5.    Additional Documents. Stockholder hereby covenants and agrees to execute and deliver any additional documents reasonably necessary or desirable, in the good faith, reasonable opinion of Parent, to carry out the purpose and intent of this Agreement and the Merger Agreement. Without limiting the foregoing, Stockholder agrees to execute and deliver the agreement contemplated by Section 5.15 of the Merger Agreement to the extent Stockholder is a person who is deemed by the Company to be an affiliate for purposes of Rule 145 under the Securities Act.
 
6.    Consents and Waivers. Stockholder hereby gives any consents or waivers that are reasonably requested in good faith for the consummation of the Merger under the terms of any agreement to which Stockholder is a party or pursuant to any rights Stockholder may have.
 
7.    Termination. This Agreement and the Proxy delivered in connection herewith shall terminate and shall have no further force or effect as of the Expiration Date, provided, however, that notwithstanding the foregoing, the provisions in Section 9 hereof shall survive in full force and effect following the consummation of the Merger.
 
8.    Legending of Shares. If so requested by Parent, Stockholder agrees that the Shares and any New Shares shall bear a legend stating that they are subject to this Agreement and to an irrevocable proxy.

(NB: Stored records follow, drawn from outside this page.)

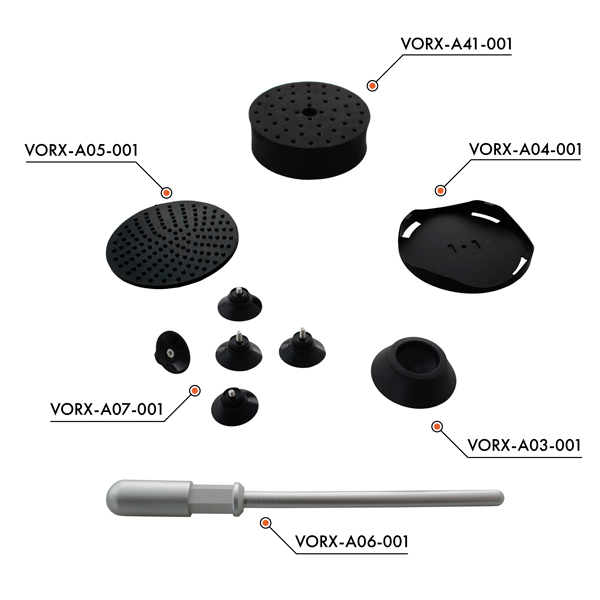 Agitateur Vortex, avec contrôle de vitesse, V05 – Image 4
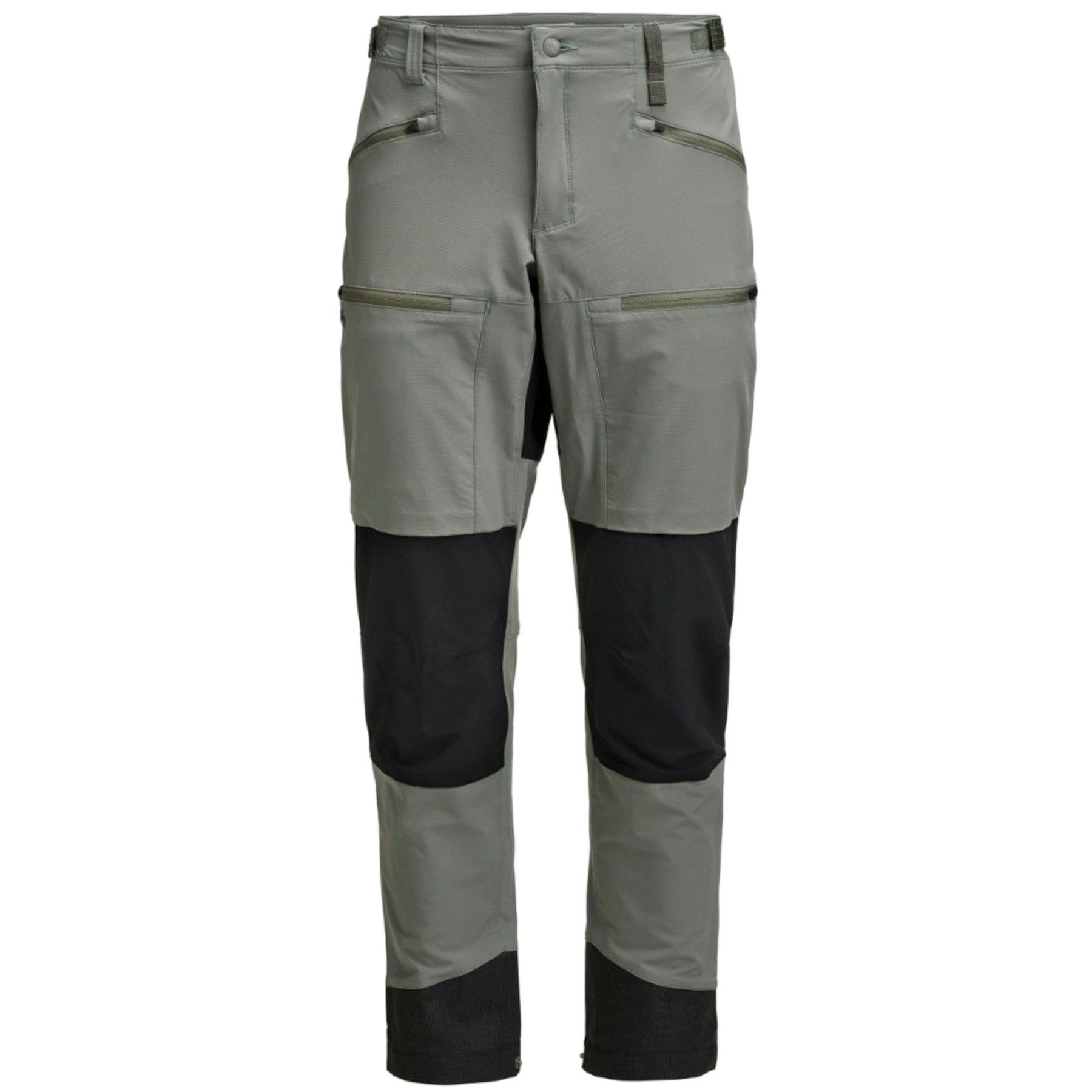 Lundhags Padje Stretch Pant, pantalones de senderismo, hombre, verde/negro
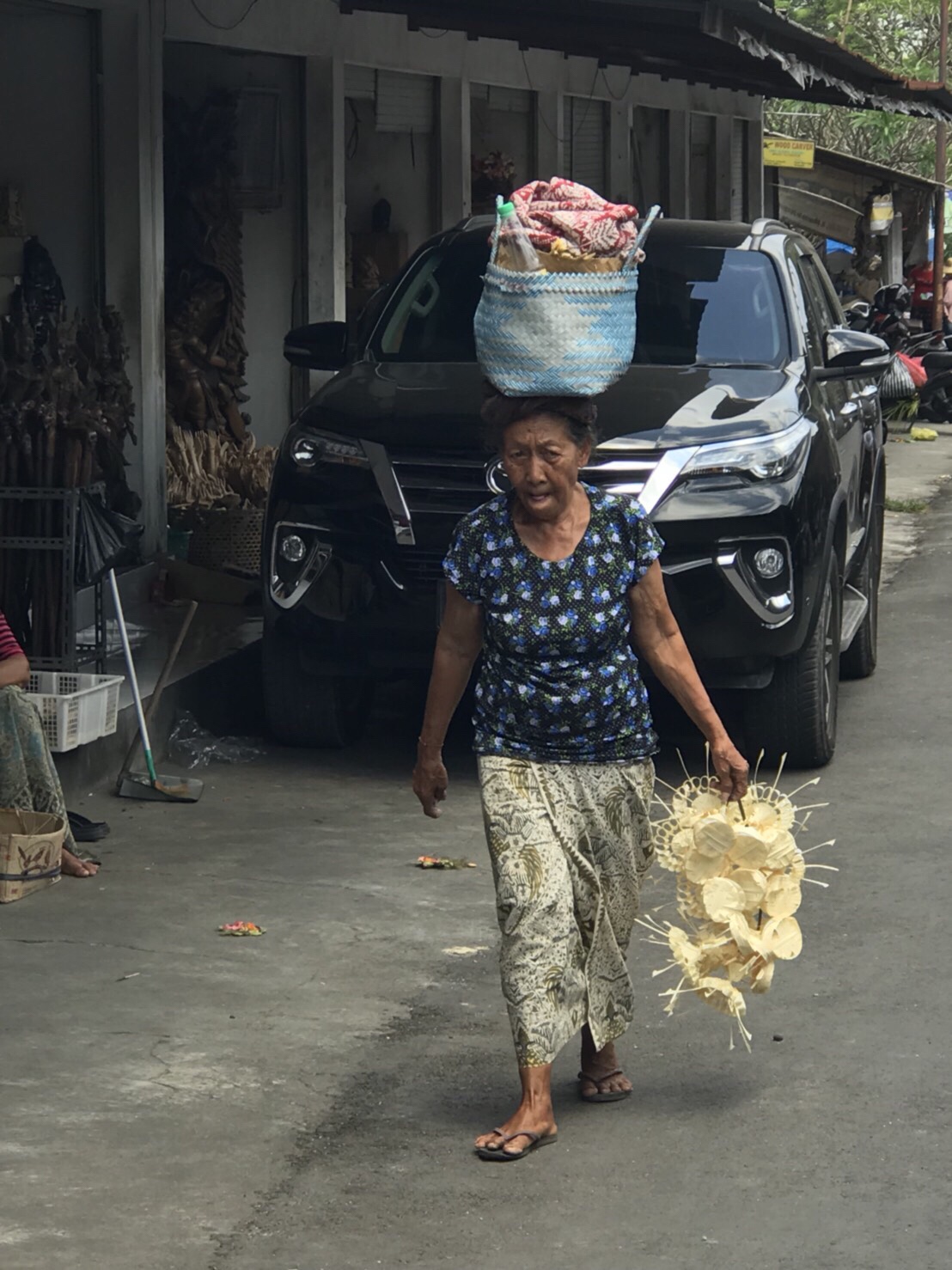 スカワティ市場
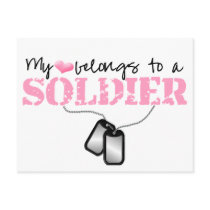 My heart belongs to a Soldier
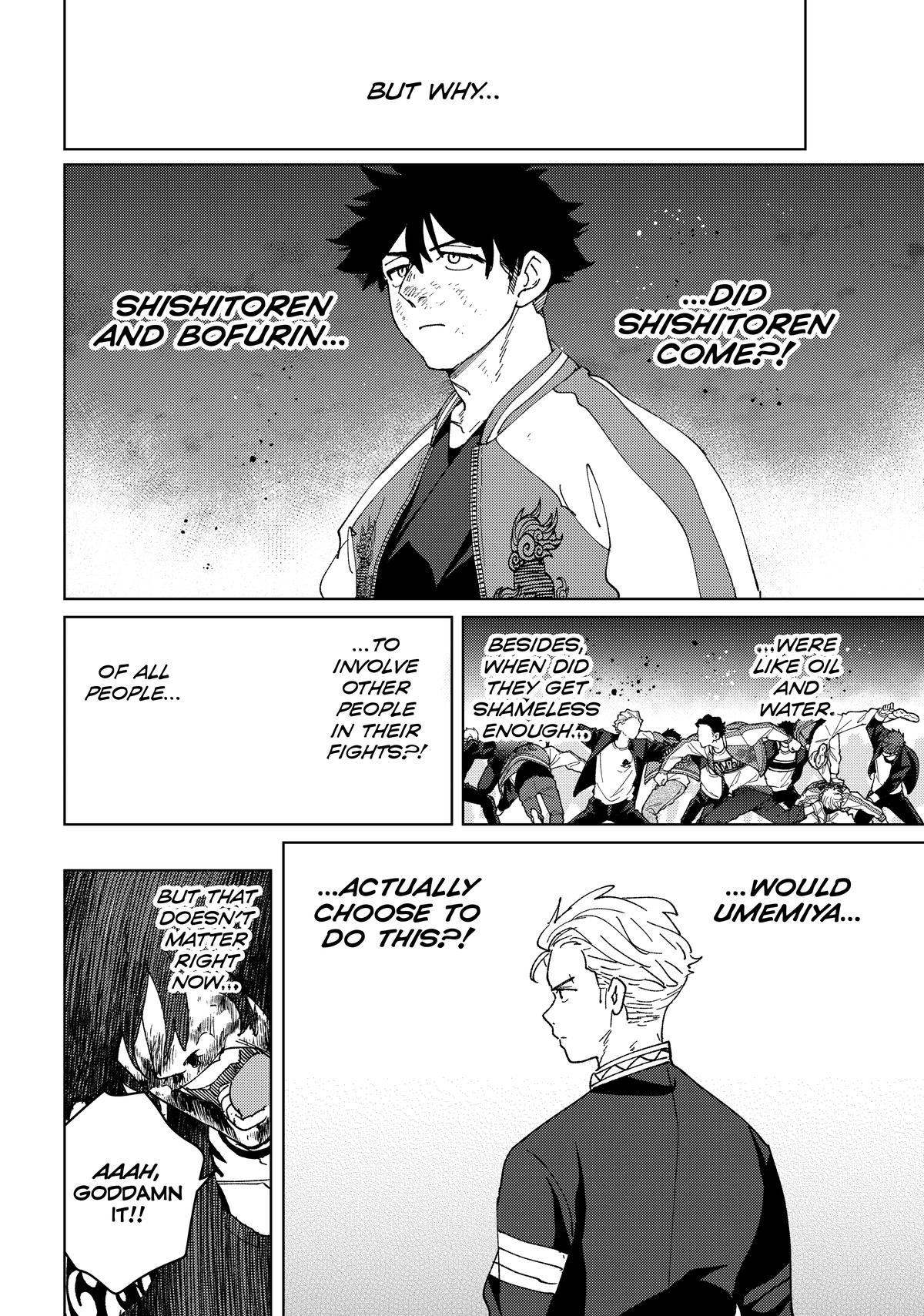 Read Wind Breaker NII Satoru EN Manga Online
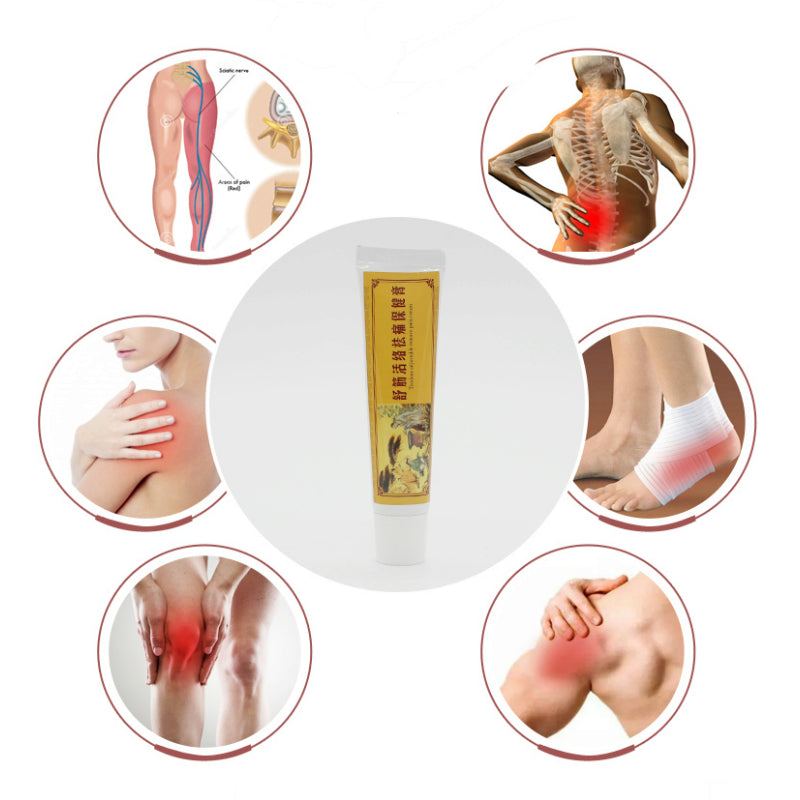 Chinese Medicine Plaster Musky Analgesic Cream 30g Suitable For Rheumatoid Arthritis Joint Pain Relief Ointment Balm Cream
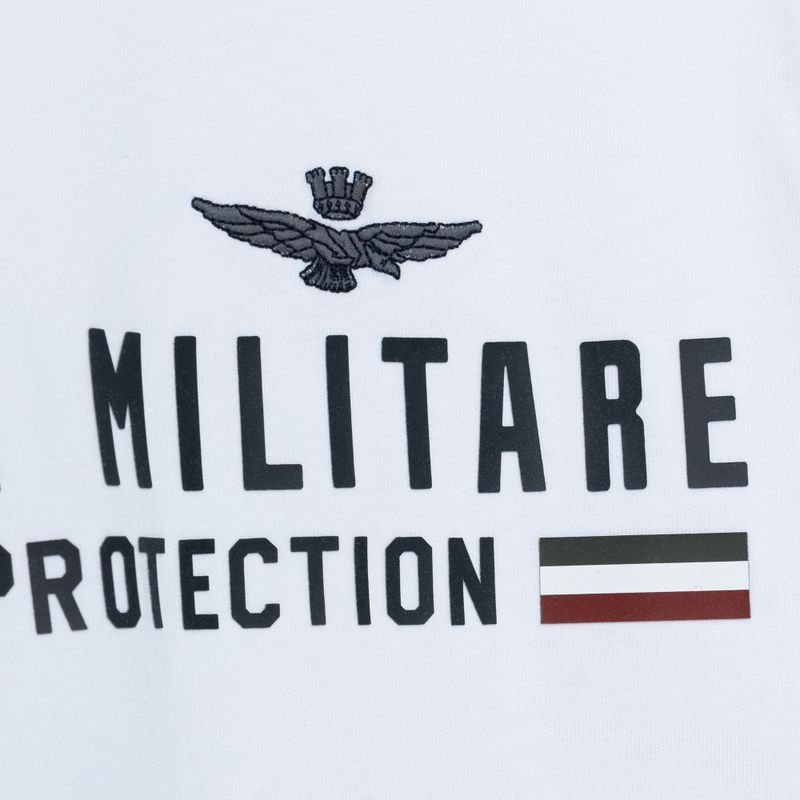 Мъжка тениска Aeronautica Militare Heritage off white 3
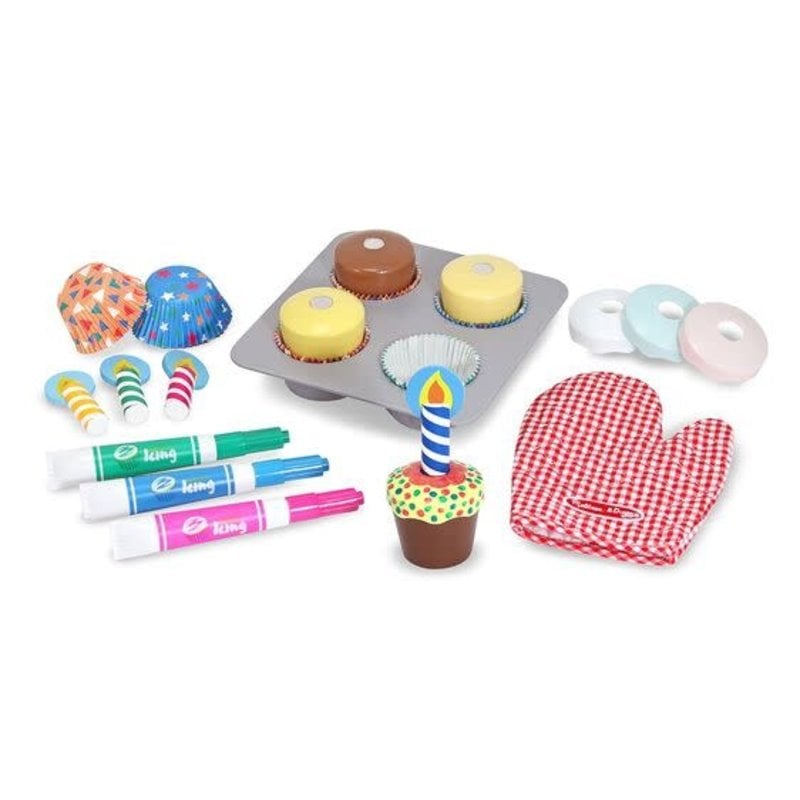 Bake & Decorate Cupcake Set - PLAYNOW! Toys and Games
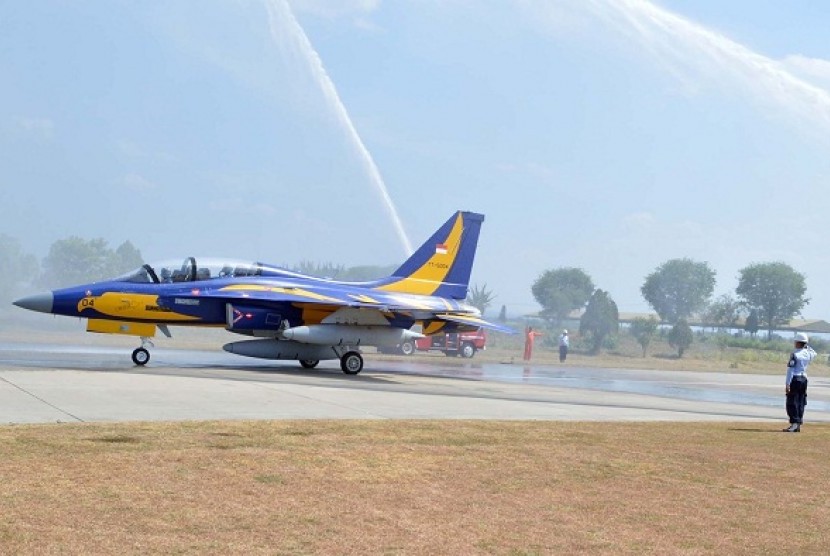 Indonesia Receives T 50i Golden Eagle Aircrafts From S Korea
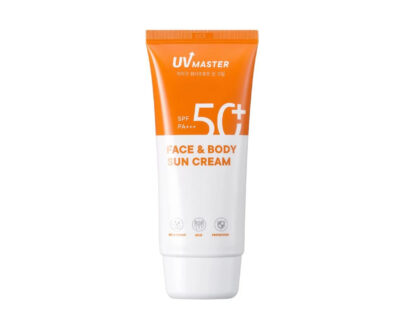 Tony Moly Opaľovací krém na tvár a telo UV Master (Face & Body Sun Cream) 80 ml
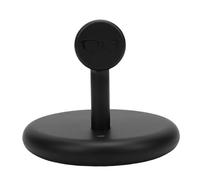 HUSHUI Soporte de Carga para Meta Smart Glasses Base Portátil con Indicador LED Carga Rápida para Uso Doméstico y de Oficina Diseño Compacto Tamaño 85x85x70 Mm (Negra)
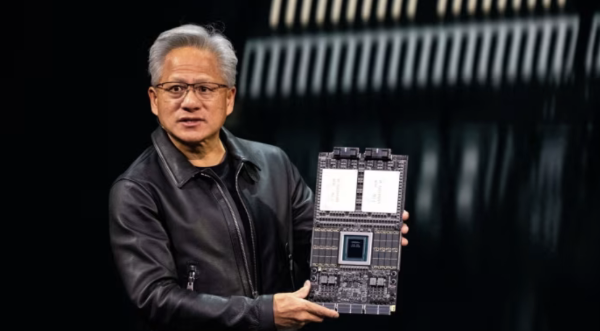 CEO Jensen Huang của Nvidia - Ảnh: Bloomberg.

Subject to the terms of Section 1(a) hereof, Stockholder agrees that Stockholder will not Transfer the Shares or any New Shares without first having the aforementioned legend affixed to the certificates representing the Shares or any New Shares.
 
9.    Miscellaneous.
 
(a)    Notices.  All notices and other communications hereunder shall be in writing and shall be deemed given if delivered personally or by commercial delivery service to the appropriate address, or mailed by registered or certified mail (return receipt requested) or sent via facsimile (with acknowledgment of complete transmission) to the parties at the following addresses (or at such other address for a party as shall be specified by like notice); provided, however, that notices sent by courier or mail will not be deemed given until the date and time of acknowledged receipt at the appropriate address:
 
(i)    if to Parent, to:
 
Internap Network Services Corporation
250 Williams Street, Suite E-100
Atlanta, Georgia 30303
Attention: Chief Executive Officer
Facsimile No.:
 
 
 
-4-

 
 
with a copy (which shall not constitute notice) to:
 
Morris, Manning & Martin, LLP
1600 Atlanta Financial Center
3343 Peachtree Road, N.E.
Atlanta, Georgia 30326-1044
Attention: Grant W. Collingsworth, Esq.
Facsimile No.: (404) 365-9532
 
(ii)    if to Stockholder, to the address set forth on the signature page hereto.
 
(b)    Interpretation.  The words “include,” “includes” and “including” when used herein shall be deemed in each case to be followed by the words “without limitation.” The headings contained in this Agreement are for reference purposes only and shall not affect in any way the meaning or interpretation of this Agreement.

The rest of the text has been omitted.